**EXERCISE BRIEF:**
Could you print exactly the lines of the listing below, starting at the line that has "Handmade Set of" and ending at the line that has "18-Volt Lith-Ion cordless", and only those lines?

***** DATA IN THIS EXERCISE *****

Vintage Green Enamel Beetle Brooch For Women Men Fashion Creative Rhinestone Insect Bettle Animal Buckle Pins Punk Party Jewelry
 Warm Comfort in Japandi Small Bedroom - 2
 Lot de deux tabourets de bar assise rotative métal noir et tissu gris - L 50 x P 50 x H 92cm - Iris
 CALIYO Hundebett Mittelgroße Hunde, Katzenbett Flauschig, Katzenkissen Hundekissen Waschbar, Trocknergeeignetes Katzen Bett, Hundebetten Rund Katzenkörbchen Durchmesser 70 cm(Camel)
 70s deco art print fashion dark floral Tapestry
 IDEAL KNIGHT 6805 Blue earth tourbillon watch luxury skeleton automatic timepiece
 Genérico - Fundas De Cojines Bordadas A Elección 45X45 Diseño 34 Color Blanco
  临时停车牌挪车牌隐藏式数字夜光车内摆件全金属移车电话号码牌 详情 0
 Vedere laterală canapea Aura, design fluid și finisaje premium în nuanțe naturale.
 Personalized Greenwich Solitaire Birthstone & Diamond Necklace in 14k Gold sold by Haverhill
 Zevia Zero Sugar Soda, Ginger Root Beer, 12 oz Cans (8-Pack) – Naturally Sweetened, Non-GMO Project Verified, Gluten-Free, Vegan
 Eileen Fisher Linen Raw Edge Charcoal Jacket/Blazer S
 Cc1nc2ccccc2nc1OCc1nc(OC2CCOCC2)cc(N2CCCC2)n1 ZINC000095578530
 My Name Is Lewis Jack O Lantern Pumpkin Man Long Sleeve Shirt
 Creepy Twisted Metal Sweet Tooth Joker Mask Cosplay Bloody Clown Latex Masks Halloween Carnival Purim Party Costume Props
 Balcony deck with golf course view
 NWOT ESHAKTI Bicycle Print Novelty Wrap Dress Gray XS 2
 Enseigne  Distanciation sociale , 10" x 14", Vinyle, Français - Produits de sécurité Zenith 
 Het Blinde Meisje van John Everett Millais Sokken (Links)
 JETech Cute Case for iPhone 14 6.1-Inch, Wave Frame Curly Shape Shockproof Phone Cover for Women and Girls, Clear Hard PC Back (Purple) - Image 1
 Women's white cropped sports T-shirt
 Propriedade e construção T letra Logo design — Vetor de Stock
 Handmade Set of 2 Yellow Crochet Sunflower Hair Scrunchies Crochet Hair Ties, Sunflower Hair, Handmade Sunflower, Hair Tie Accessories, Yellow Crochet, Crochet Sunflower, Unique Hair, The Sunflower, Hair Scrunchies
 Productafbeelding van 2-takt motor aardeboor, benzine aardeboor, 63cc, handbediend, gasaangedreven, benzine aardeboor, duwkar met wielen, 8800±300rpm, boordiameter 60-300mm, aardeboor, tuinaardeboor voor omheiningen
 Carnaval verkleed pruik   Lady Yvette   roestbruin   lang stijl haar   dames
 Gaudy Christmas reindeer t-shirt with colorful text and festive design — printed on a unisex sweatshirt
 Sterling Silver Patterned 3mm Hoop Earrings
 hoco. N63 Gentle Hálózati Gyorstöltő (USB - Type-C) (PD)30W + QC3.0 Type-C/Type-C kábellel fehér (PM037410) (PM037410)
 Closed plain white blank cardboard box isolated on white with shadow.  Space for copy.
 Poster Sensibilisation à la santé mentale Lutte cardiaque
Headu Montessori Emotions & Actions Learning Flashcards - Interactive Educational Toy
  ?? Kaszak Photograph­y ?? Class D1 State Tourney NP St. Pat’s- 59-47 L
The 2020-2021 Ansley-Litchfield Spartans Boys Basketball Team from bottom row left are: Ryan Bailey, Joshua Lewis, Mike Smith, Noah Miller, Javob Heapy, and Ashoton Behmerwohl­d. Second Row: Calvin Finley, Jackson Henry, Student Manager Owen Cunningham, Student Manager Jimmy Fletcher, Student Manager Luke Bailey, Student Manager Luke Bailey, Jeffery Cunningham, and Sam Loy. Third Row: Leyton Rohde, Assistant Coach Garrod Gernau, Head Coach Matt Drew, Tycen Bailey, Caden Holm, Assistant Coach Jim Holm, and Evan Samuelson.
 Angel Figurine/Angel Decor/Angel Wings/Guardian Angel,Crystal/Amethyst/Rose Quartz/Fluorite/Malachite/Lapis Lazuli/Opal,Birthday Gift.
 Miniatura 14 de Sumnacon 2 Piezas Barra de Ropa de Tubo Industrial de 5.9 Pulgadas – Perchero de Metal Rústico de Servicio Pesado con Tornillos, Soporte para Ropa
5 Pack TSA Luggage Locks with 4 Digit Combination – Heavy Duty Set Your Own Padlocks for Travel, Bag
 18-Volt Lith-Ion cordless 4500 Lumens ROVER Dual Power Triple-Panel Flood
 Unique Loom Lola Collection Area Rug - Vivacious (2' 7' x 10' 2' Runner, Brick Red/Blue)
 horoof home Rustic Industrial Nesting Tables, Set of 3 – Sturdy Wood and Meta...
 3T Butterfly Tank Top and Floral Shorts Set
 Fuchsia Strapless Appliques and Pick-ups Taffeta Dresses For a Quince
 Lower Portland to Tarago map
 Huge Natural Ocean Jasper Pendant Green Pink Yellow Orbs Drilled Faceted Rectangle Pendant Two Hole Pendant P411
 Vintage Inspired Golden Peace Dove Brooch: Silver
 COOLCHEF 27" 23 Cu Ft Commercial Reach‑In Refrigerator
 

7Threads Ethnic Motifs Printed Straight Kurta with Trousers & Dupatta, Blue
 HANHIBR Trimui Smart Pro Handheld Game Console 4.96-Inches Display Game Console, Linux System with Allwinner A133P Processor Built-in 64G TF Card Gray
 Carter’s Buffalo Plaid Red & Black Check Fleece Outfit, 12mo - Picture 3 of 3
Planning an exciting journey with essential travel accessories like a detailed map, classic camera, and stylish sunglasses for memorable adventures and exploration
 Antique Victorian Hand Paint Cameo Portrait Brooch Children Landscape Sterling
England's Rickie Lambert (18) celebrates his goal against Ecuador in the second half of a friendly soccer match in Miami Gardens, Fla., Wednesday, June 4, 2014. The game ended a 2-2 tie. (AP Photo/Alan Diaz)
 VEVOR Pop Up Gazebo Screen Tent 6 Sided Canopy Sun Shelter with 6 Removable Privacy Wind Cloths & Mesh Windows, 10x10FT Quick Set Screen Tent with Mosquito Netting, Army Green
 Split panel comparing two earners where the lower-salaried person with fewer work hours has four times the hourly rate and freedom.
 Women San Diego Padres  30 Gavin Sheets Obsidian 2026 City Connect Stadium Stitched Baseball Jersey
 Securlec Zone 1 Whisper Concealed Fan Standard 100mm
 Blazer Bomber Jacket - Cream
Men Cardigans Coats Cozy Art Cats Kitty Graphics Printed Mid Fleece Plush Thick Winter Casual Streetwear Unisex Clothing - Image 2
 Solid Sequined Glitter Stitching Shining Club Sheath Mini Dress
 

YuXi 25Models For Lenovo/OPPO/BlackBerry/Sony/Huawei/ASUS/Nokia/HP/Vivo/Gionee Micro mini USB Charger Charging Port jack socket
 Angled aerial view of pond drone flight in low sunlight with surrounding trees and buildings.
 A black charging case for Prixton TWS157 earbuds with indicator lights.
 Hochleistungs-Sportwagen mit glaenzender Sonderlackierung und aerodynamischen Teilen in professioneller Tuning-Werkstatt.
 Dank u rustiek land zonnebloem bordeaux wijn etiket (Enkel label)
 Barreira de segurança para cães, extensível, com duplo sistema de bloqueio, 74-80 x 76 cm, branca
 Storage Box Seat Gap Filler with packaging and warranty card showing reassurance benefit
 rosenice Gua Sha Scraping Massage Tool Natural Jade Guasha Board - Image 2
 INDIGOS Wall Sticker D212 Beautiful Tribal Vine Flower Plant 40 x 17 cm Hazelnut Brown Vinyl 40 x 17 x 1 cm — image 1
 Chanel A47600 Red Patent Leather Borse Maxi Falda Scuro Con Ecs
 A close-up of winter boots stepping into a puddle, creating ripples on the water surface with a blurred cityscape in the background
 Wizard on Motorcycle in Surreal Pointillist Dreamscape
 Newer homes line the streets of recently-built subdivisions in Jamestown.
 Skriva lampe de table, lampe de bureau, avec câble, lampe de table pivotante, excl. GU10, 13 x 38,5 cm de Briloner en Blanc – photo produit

*****

**THE COMPLETED TASK:**
 Handmade Set of 2 Yellow Crochet Sunflower Hair Scrunchies Crochet Hair Ties, Sunflower Hair, Handmade Sunflower, Hair Tie Accessories, Yellow Crochet, Crochet Sunflower, Unique Hair, The Sunflower, Hair Scrunchies
 Productafbeelding van 2-takt motor aardeboor, benzine aardeboor, 63cc, handbediend, gasaangedreven, benzine aardeboor, duwkar met wielen, 8800±300rpm, boordiameter 60-300mm, aardeboor, tuinaardeboor voor omheiningen
 Carnaval verkleed pruik   Lady Yvette   roestbruin   lang stijl haar   dames
 Gaudy Christmas reindeer t-shirt with colorful text and festive design — printed on a unisex sweatshirt
 Sterling Silver Patterned 3mm Hoop Earrings
 hoco. N63 Gentle Hálózati Gyorstöltő (USB - Type-C) (PD)30W + QC3.0 Type-C/Type-C kábellel fehér (PM037410) (PM037410)
 Closed plain white blank cardboard box isolated on white with shadow.  Space for copy.
 Poster Sensibilisation à la santé mentale Lutte cardiaque
Headu Montessori Emotions & Actions Learning Flashcards - Interactive Educational Toy
  ?? Kaszak Photograph­y ?? Class D1 State Tourney NP St. Pat’s- 59-47 L
The 2020-2021 Ansley-Litchfield Spartans Boys Basketball Team from bottom row left are: Ryan Bailey, Joshua Lewis, Mike Smith, Noah Miller, Javob Heapy, and Ashoton Behmerwohl­d. Second Row: Calvin Finley, Jackson Henry, Student Manager Owen Cunningham, Student Manager Jimmy Fletcher, Student Manager Luke Bailey, Student Manager Luke Bailey, Jeffery Cunningham, and Sam Loy. Third Row: Leyton Rohde, Assistant Coach Garrod Gernau, Head Coach Matt Drew, Tycen Bailey, Caden Holm, Assistant Coach Jim Holm, and Evan Samuelson.
 Angel Figurine/Angel Decor/Angel Wings/Guardian Angel,Crystal/Amethyst/Rose Quartz/Fluorite/Malachite/Lapis Lazuli/Opal,Birthday Gift.
 Miniatura 14 de Sumnacon 2 Piezas Barra de Ropa de Tubo Industrial de 5.9 Pulgadas – Perchero de Metal Rústico de Servicio Pesado con Tornillos, Soporte para Ropa
5 Pack TSA Luggage Locks with 4 Digit Combination – Heavy Duty Set Your Own Padlocks for Travel, Bag
 18-Volt Lith-Ion cordless 4500 Lumens ROVER Dual Power Triple-Panel Flood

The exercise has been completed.